Web page caption snippets:

---+---

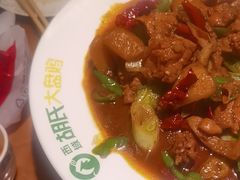 -胡氏大盘鸡新疆菜(石岗店)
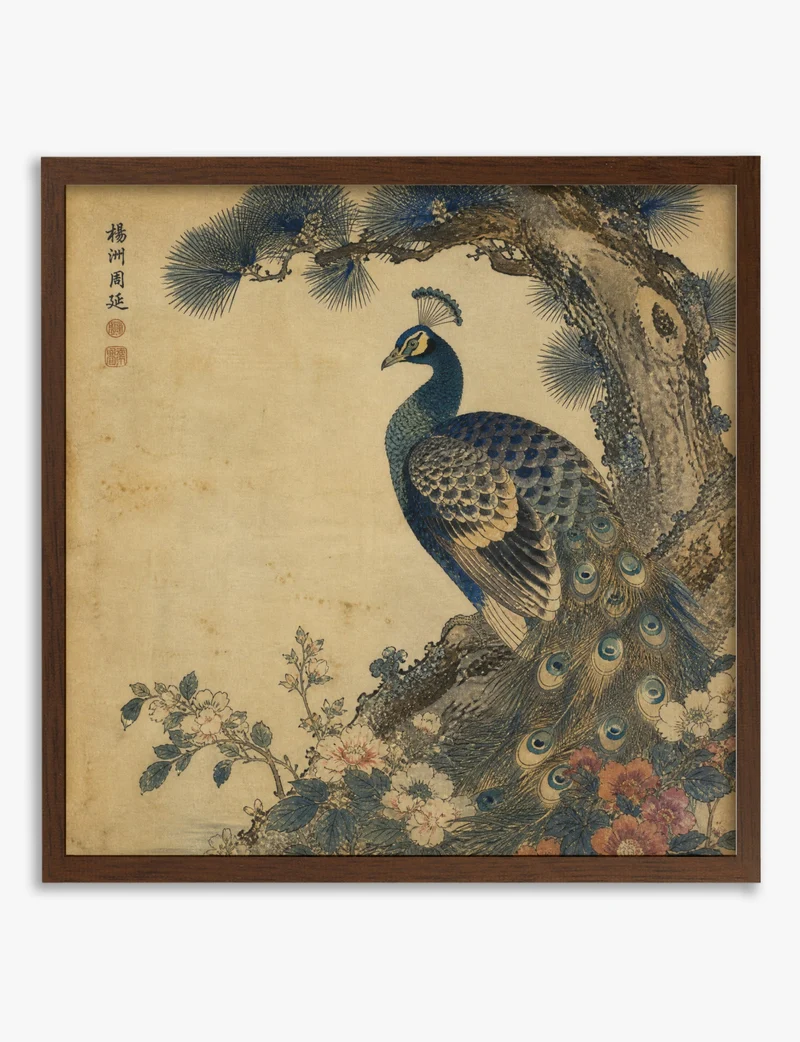 Peacock and Pine, Japanese Woodblock Art Print
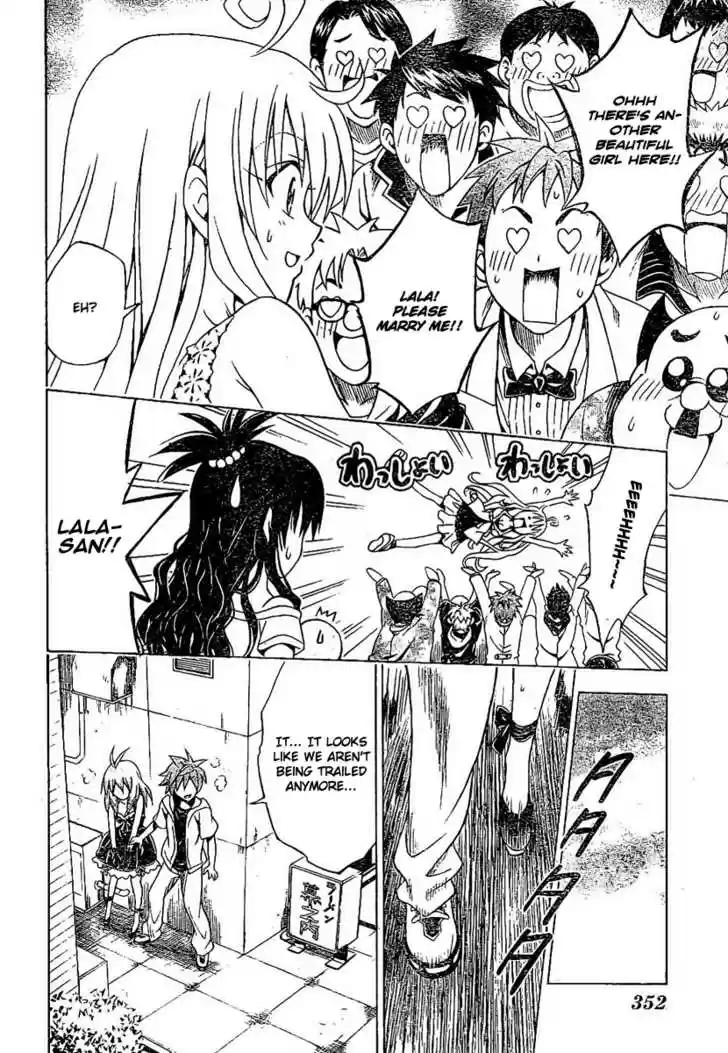 To-LOVE-Ru 103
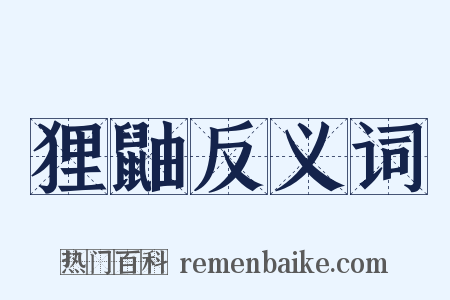 狸鼬反义词是什么意思的图片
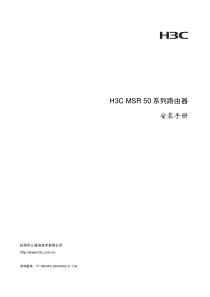 H3C MSR 50 系列路由器安装手册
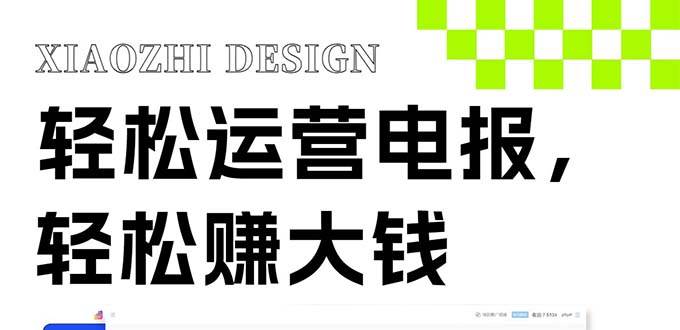 独家技巧！电报运营新风口，免费发送器+会员技巧，赚钱就是这么简单！网赚项目-副业赚钱-互联网创业-资源整合众享汇研习社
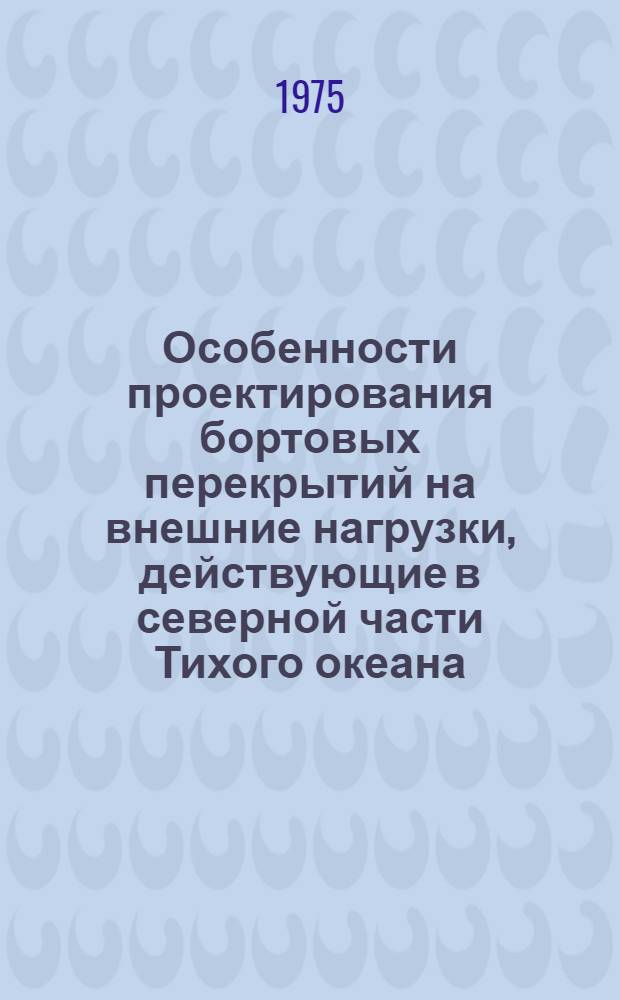 Особенности проектирования бортовых перекрытий на внешние нагрузки, действующие в северной части Тихого океана : Автореф. дис. на соиск. учен. степени канд. техн. наук : (05.08.03)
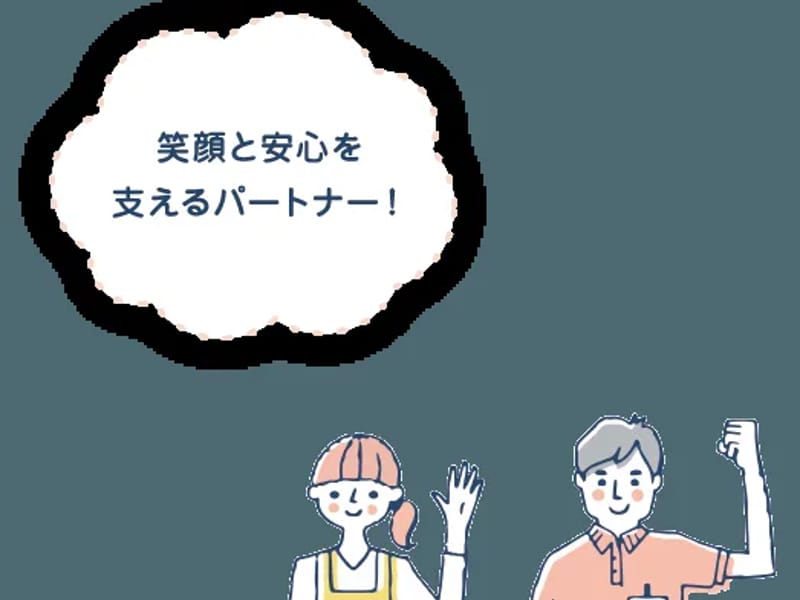 さわやかケア町田・福祉用具 - 有料老人ホーム in 町田市, 東京都 photo 2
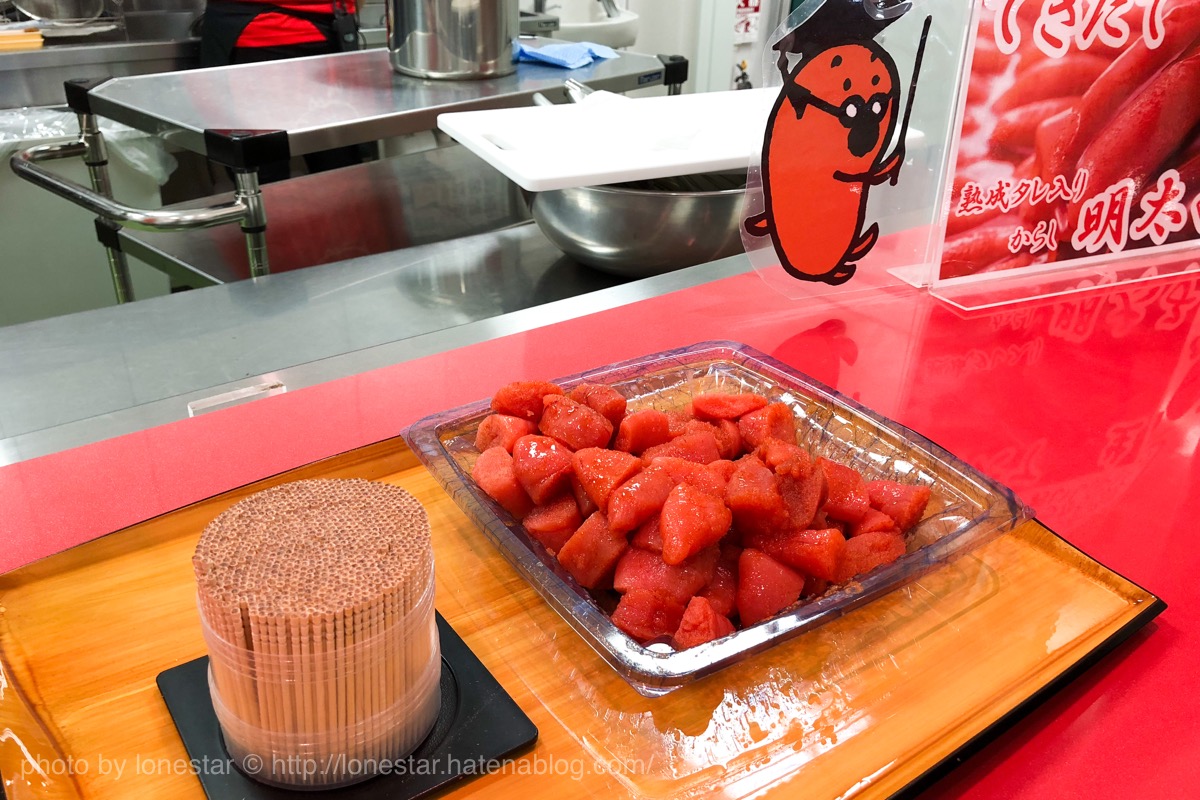 めんたいパーク　試食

---+---

Without including any pictures, output each entry above exactly as it appears.

> [Answer section]:
 -胡氏大盘鸡新疆菜(石岗店)
 Peacock and Pine, Japanese Woodblock Art Print
 To-LOVE-Ru 103
 狸鼬反义词是什么意思的图片
 H3C MSR 50 系列路由器安装手册
 独家技巧！电报运营新风口，免费发送器+会员技巧，赚钱就是这么简单！网赚项目-副业赚钱-互联网创业-资源整合众享汇研习社
 Особенности проектирования бортовых перекрытий на внешние нагрузки, действующие в северной части Тихого океана : Автореф. дис. на соиск. учен. степени канд. техн. наук : (05.08.03)
 さわやかケア町田・福祉用具 - 有料老人ホーム in 町田市, 東京都 photo 2
 めんたいパーク　試食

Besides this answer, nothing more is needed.